Tüm bunlar olup biterken, Ece, Sami beyin kızı gibi oluvermişti. Adamcağız bu güzel yürekli kızı kendi kızlarından ayırt etmeden seviyordu artık. Kızları da Ece ile arkadaş olmuşlar onu sevgi dolu neşeleriyle sarıp sarmalamışlardı. Ece gerçekten mutluydu burada, Suat’ı özlüyor, onu düşünüyordu çokça ama “Hasan için” diyor ve bu özlemini bastırıyordu kendince. Hayatı boyu görmediği bir aile sevgisinin içinde bulmuştu kendini. Fırında çalışmayı, kabaran hamurlardan yükselen kokuların içinde olmayı hatta gün ağarmadan uyanıp, Sami beyin yanına koşmayı bile özlemişti. Kasabada tanımış, alışmıştı Ece’ye, pişirme işi bitince Sami bey eve gidip dinlenebiliyordu artık, bahçesiyle ilgileniyor, ailesi ile yakınlarda ki akrabalarına ziyarete gidiyorlardı. Çok uzun zamandır birlikte bir şeyler yapamadıkları için Ece’ye duydukları güven ve sevgi, onların hayatına da çok şeyler katmıştı. Hepsi Ece ile birlikte Hasan için dua ediyor ve bir an önce onunda aralarına katılmasını bekliyorlardı.
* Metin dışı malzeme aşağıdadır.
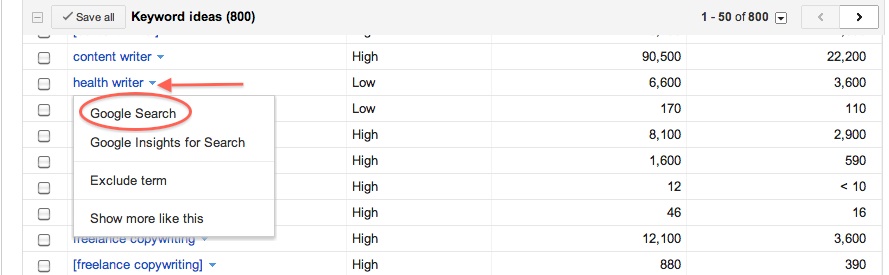 google - keyword ideas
Zavallı Hasan berberde çalıştığı günlerdeki gibi hapishanenin revirinde de güler yüzle elinden geleni yapıyordu. Ona hasta bakma işi vermiyorlardı elbette ama çöpleri topluyor, yerleri paspaslıyor, taşıma ve düzenleme işlerine yardım ediyordu. Doktorlar ondan çok memnunlardı, bu çocuğun nasıl olup birinin boğazını keserek öldürdüğünü akılları almıyordu.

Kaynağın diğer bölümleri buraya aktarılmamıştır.